Thursday, December 31, 2009

Buh-Bye, Aught Nine

I won't regale you with the litany of reasons I'm happy to see 2009 make its exit. I'm sure you have plenty of your own. Nor will I bore you with the list of personal improvements I aim to make in 2010. I'm sure you have plenty of your own. What I wish to share with you are reflections and resolutions involving my horses.

As Joni Mitchell once sang, "Don't it always seem to go, that you don't know what you've got 'til it's gone." Or almost gone.

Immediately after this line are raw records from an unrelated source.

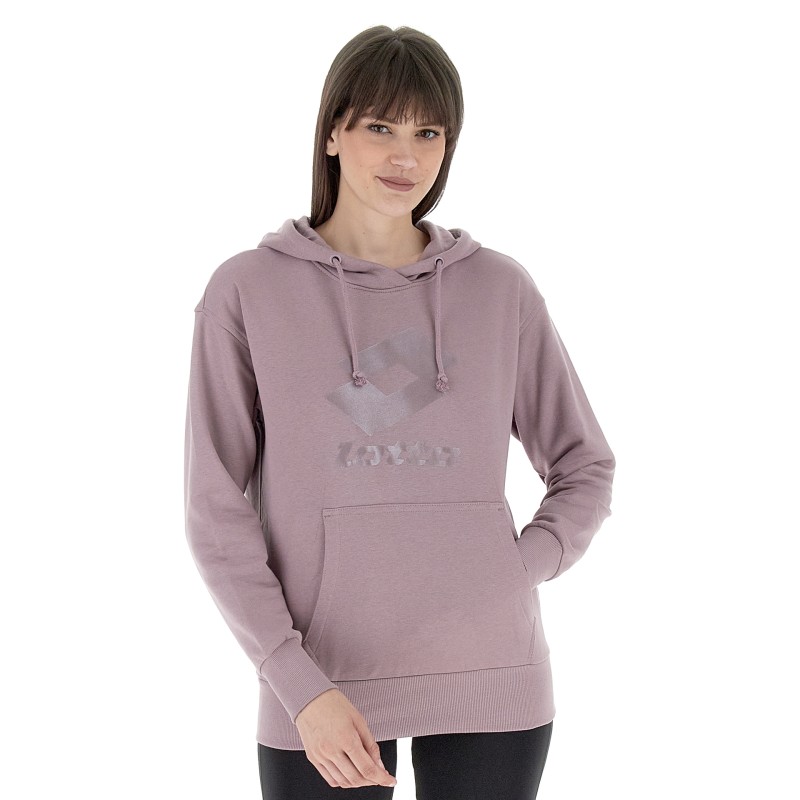 SMART W IV SWEAT HD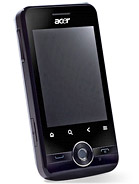 Best available price of Acer beTouch E120 in Srilanka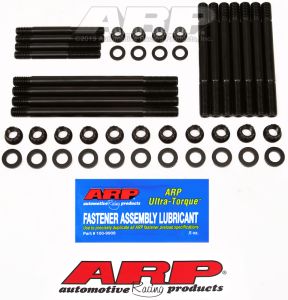 ARP kannen pinnapsrj Mini 11kpl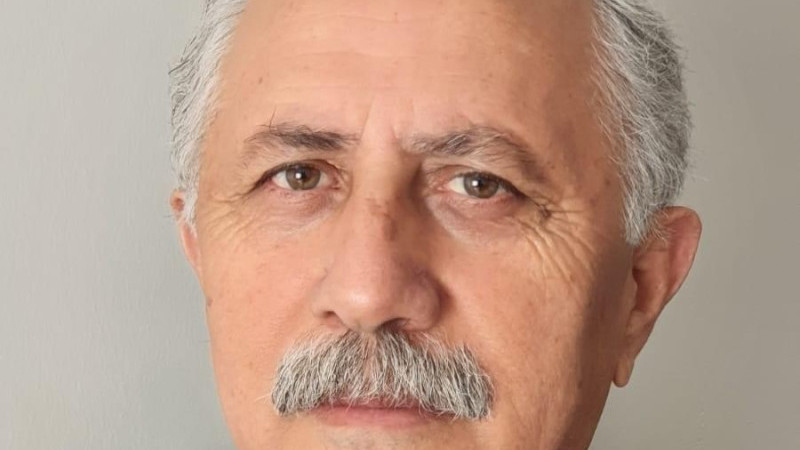 KAYBETTİĞİN YERDE YENİDEN DOĞARSIN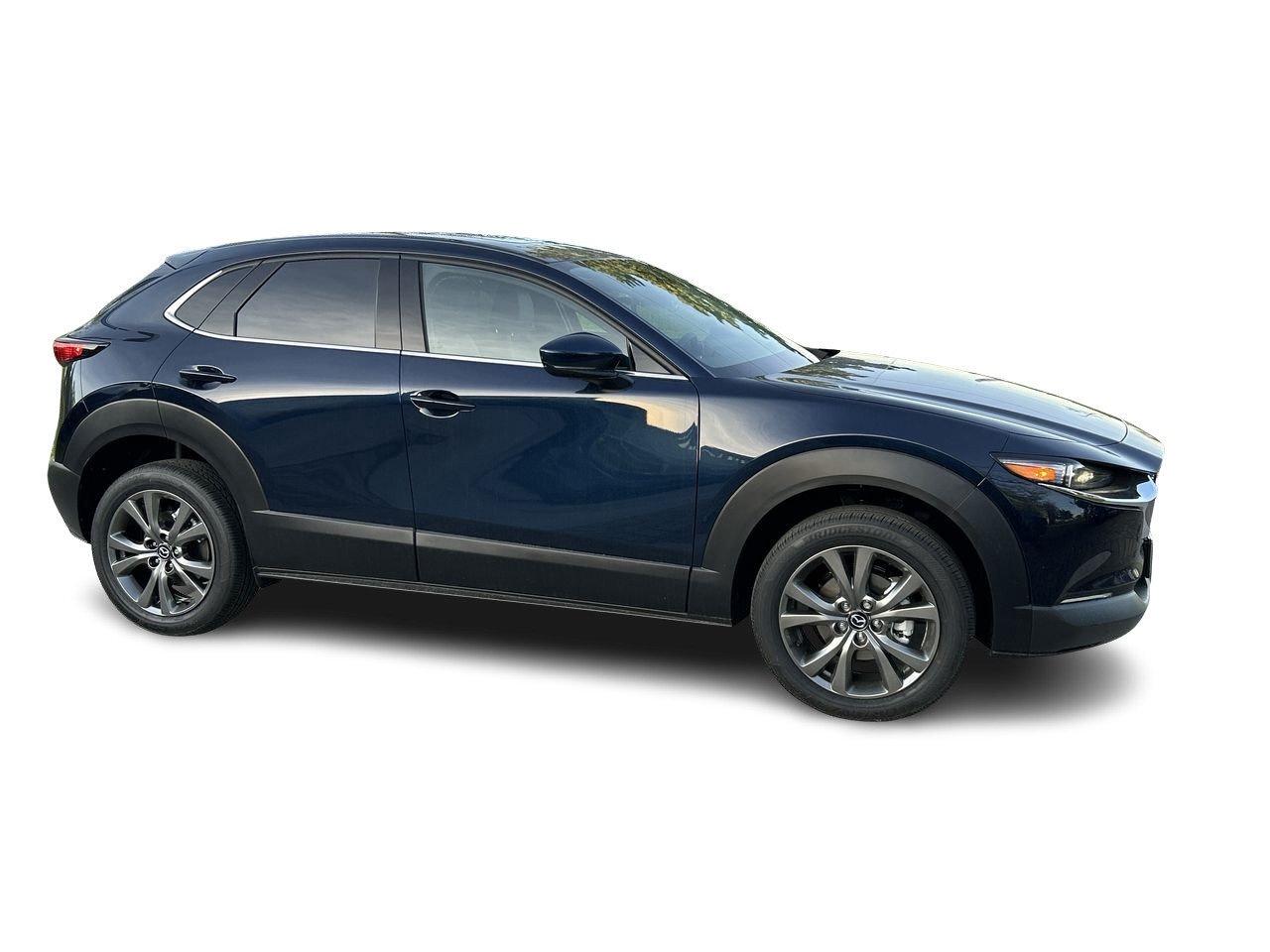2024 Mazda CX-30 GT AWD CLEAN CARFAX | FULL SERVICE HISTORY Photo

"Gone" is Quaker, the little one-eyed QH who finally got the perfect home he deserves. To me, he's the one that got away. I loved Quaker, and more importantly, I trusted him, maybe even more than I trust Jaz — and that's saying a lot. Yeah, yeah, I know you've all heard me say a million times that our land won't support more than 2 horses. Nevertheless, Quaker will always be the horse I let slip through my fingers. I resolve not to make that mistake again.

"Almost gone" was my sweet Jazu. I thought I appreciated Jaz, and I do, but not nearly as much as he deserves. The thought of losing him brought me to my senses.

Poco is my first horse, and will always hold that special place in my heart that only your first horse can. I was woefully naive and impulsive. If I had known then what I know now, I never would have bought him. That said, my love for the silly beast makes me weak in the knees.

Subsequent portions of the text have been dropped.